Is My BI Fat? Database Partitioning Can Help!
Your data warehouse started so perfect! It was a lean mean analytical machine. Then reality set in. The users fed it all the data they could get their hands on. When it got fat and slow, they refused to put it on a diet because they need “everything!” Data archival just isn’t in the cards and never seems to be with any data warehouse these days.
What’s a BI technologist to do? Enter database partitioning. Before we get into the details though, a few questions need to be answered:
- Does my data warehouse have tables that contain hundreds of millions of records?
- Are the queries accessing identifiable subsets of the data?
- Are the subsets of rough equal size and are there enough of them?
- If your data changes, will it stay in the same subset?
If you said yes to all of these questions, you might be a candidate for partitioning.
There are many ways to partition data and the strategy is often case specific. For our example we’ll assume that the best way to partition the data is to group the data by sales region. Imagine a company with five sales regions and billions of orders spread relatively evenly across all sales regions.
Why would I partition this way?
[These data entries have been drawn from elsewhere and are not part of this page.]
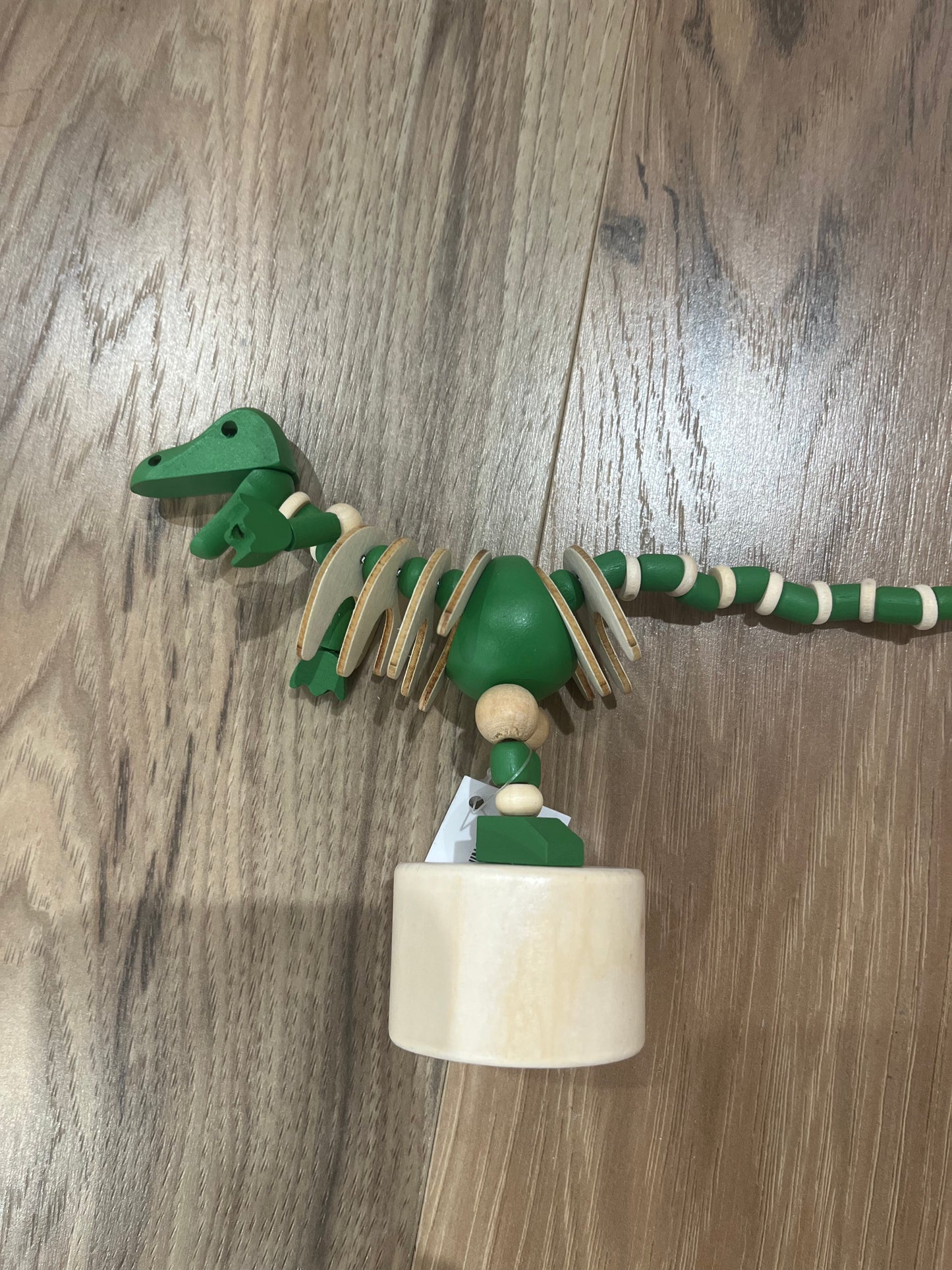 Collapsible Dinosaur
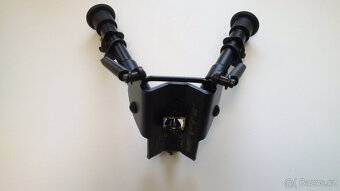 Dvojnožka - bipod - 2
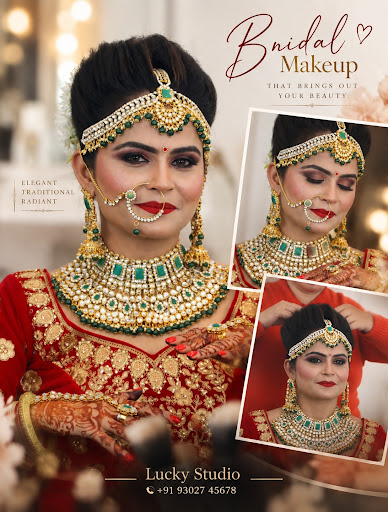 Bridal Beauty, Perfectly Captured ✨ post image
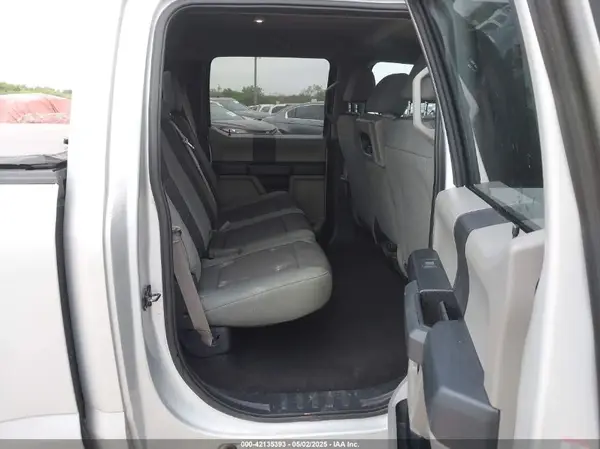 1FTEW1CP4JKE57953 2018 FORD F-150 - Image 8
Primarily, sales data is generally analyzed by region and then by time and other attributes. Additionally, the sales regions are static and rarely change. When the company grows larger, new sales regions can be added or we can re-partition by region and additional attributes.
What’s the overhead of partitioning?
- Licensing. Partitioning is often considered an advanced or enterprise type feature. This means that standard edition SQL Server will not support this feature and you will have to upgrade.
- These partitions don’t maintain themselves. Initial setup and ongoing care and feeding will be required.
- Partitioned tables will consume more disk space. This is a tradeoff for increased performance.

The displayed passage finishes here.